2025.1.3 – Enhancements to SDF and XYZ files
  • Added more keywords to the header of XYZ files to allow for more flexibility in reading them. Specifically ‘title’, ‘model’, and ‘name’, which can be used to name the system and/or configuration.

  • When reading SDF files, ‘keep current name’ will use the encoded system name in SDF files written by SEAMM, if it exists.

  • Fixed minor issue writing SDF files where the ‘configurations’ widget was displayed when writing the current configuration. The widget is now correctly hidden.

2024.12.29 – Bugfix: Issue with reusing systems matching SDF files.
  • The logic was faulty, so if the first structure in an SDF file was a configuration of an existing system, it was not added to the system correctly.

2024.12.7 – Minor update due to changes in molsystem
  • The molsystem was updated to improve the handling of properties. This required changes in this module to match the new molsystem.

2024.11.29 – Added chemical formula as option for system/configuration names

2024.11.13 – Bugfix: Issues with the names of properties
  • Fixed syntax of the properties pulled out from MOPAC encoded parameterization inputs.

2024.11.3 – Bugfix: MOPAC files with references in comments
  • Fixed a bug that caused a crash when reading MOPAC files with references in the comments.

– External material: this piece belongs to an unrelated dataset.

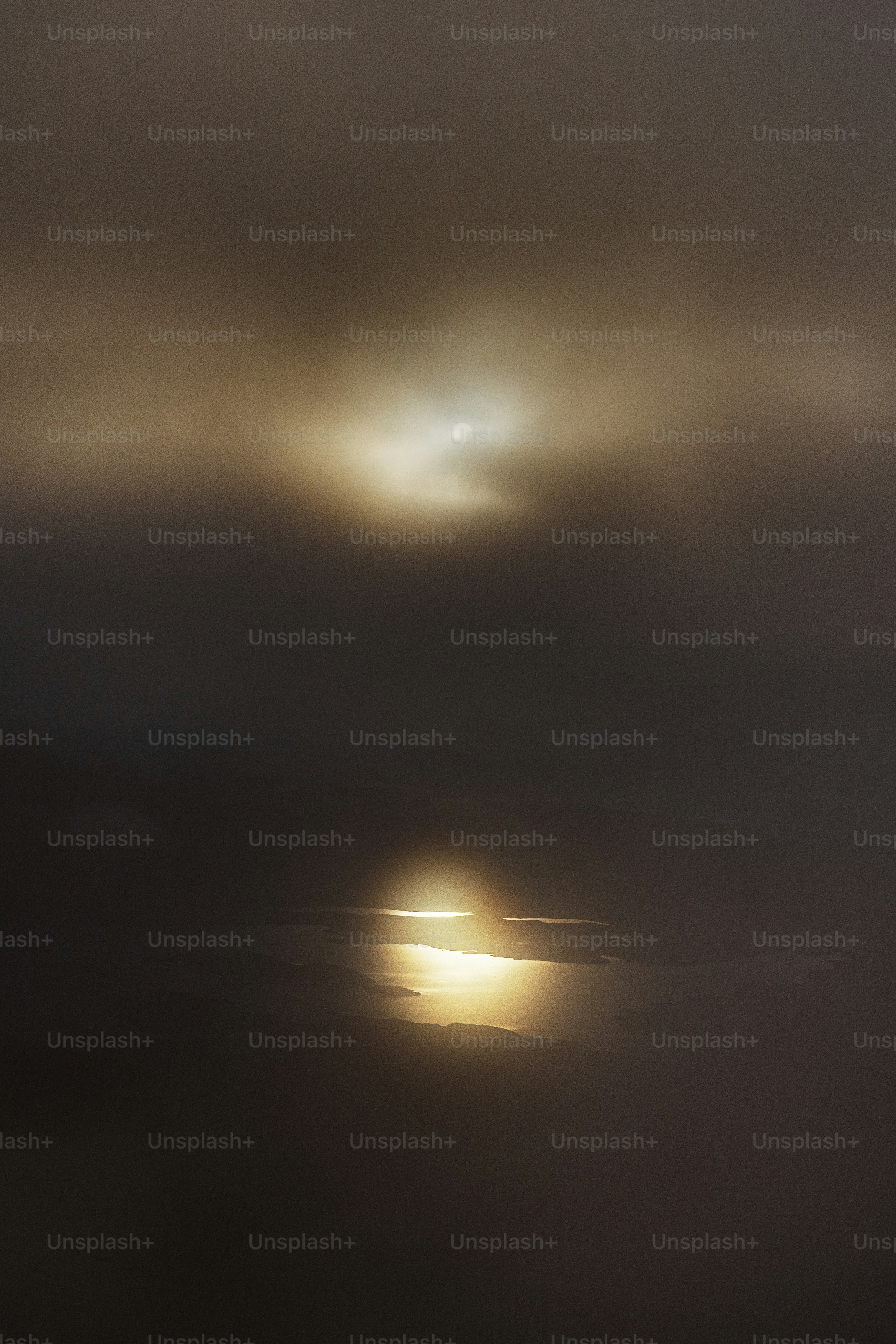 The sun is shining through the clouds over the ocean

  • Updated the MOPAC reader to the new approach for running MOPAC in the cases that it is needed: Z-matrices and mixed inputs that OpenBabel can’t handle.

2024.8.23 – Enhancements to directory handling
  • Changed the handling of paths to make them relative to the directory that the step is running in. In a loop, for instance, files are relative to the iteration directory.

  • When reading files, allow the syntax ‘job://<job number>/…’ to read files from another job. If the job number is omitted, so the prefix is ‘job:///…’, the top directory of the current job is used.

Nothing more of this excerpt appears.